The Argentinian company Juguetes Rasti was founded in 1965 by Antonio Dimare, an Italian immigrant with a passion for making toys. The original Rasti line, a set of building blocks that could be attached together to form different objects, soon became popular throughout Latin America.
However, when the Chinese influx of cheaply- made toys hit in the 1980s and 1990s, toy markets all around the world suffered, and Argentina was no exception. Juguetes Rasti had several lines of products that were still going strong, but they were forced to shut down production on their signature construction toy.
In spite of challenges and difficulties, Rasti is now being led by a full slate of second-generation siblings: Daniel, Fabian, Sergio, Gabriel and Sabrina. Together, they have realised a 21st-century strategy to making the business thrive through innovation. They even relaunched production on the Rasti construction toy line in 2007. Today, the history of Juguetes Rasti is a source of inspiration for the local entrepreneurial community.
Recently, Tharawat Magazine spoke with Daniel Dimare, Marketing Director of the company, to discuss working alongside four siblings and managing the balance between innovation and tradition in the toy industry.
How has the industry changed and evolved since your father Antonio founded Juguetes Dimare in 1965?
The toy industry around the world was forever changed by the invasion of cheap Chinese toys. In the 1980s and 1990s, it almost destroyed the toy industries of many countries and certainly affected our production line. We had to adapt and focus on cost optimisation, process automation and branding.
In more recent years, the emergence of different technologies has taken children away from the traditional, creative games designed to aid their development. We cannot fight these trends so we incorporate them into our products. In 2016, we needed to add a doll to our blocks line. Instead of creating a normal doll, we developed a “mutant” model that allows the child to assemble the doll and transform it into different types of real or even fantasy characters. We also give our customers the possibility to produce on-demand pieces with 3D printing technology.
On the other hand, today’s tendency to entertain children through gadgets and apps has also resulted in a renewed demand for traditional toys that allow parents to share quality time with their children. The trend cuts both ways.
Tradition and innovation often collide when a company moves from one generation to the next. How has innovation impacted your business?
We embrace innovations that serve to rejuvenate the brand and the company. We are adopting new technologies to increase the enjoyment from playing with our toys, but designing products that stimulate the child’s development is always our utmost priority.

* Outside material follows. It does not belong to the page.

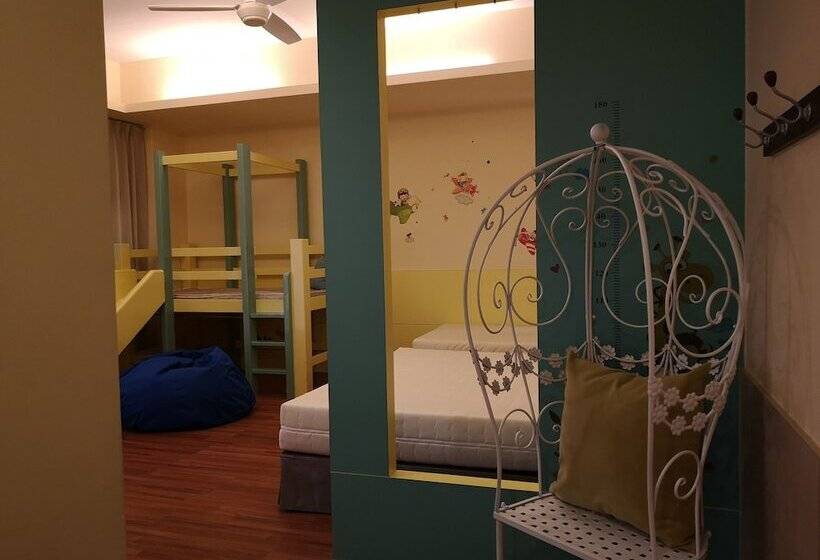 اتاق خانوادگی, Beachcastle & Sea View Villa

In 2004, we started to incorporate new technologies such as robotics and programming into traditional toys. The idea was to help stimulate children’s brains while introducing them to the technologies of tomorrow. For instance, we recently released Castillo de Fuego, a game that involves augmented reality technology. Children can use blocks to build a traditional castle that, when viewed through a tablet or smartphone, will also show animated characters that can be controlled using the device.
Juguetes Rasti has received numerous awards and attention from the international media. What makes your toys different?
We specialise in offering fun and stimulation for children through innovative and educational toys. We appeal to adults because they either played with our toys in their childhood or they’ve adopted us as a “detox” from the overabundance of digital entertainment children are exposed to. We focus on parents and families who want less screen time and more creative play for their children. I believe this allows us to differentiate ourselves and obtain a better competitive position within the toy market.
Another element that sets us apart from other toy companies is our “free play” constructions line. These toys come with a mix of completely different pieces and no instructions. Providing an image to replicate doesn’t stimulate creativity because it simply requires the child to follow instructions. Instead, we want children to be free to use their imagination and create all different types of constructions without any kind of limitation.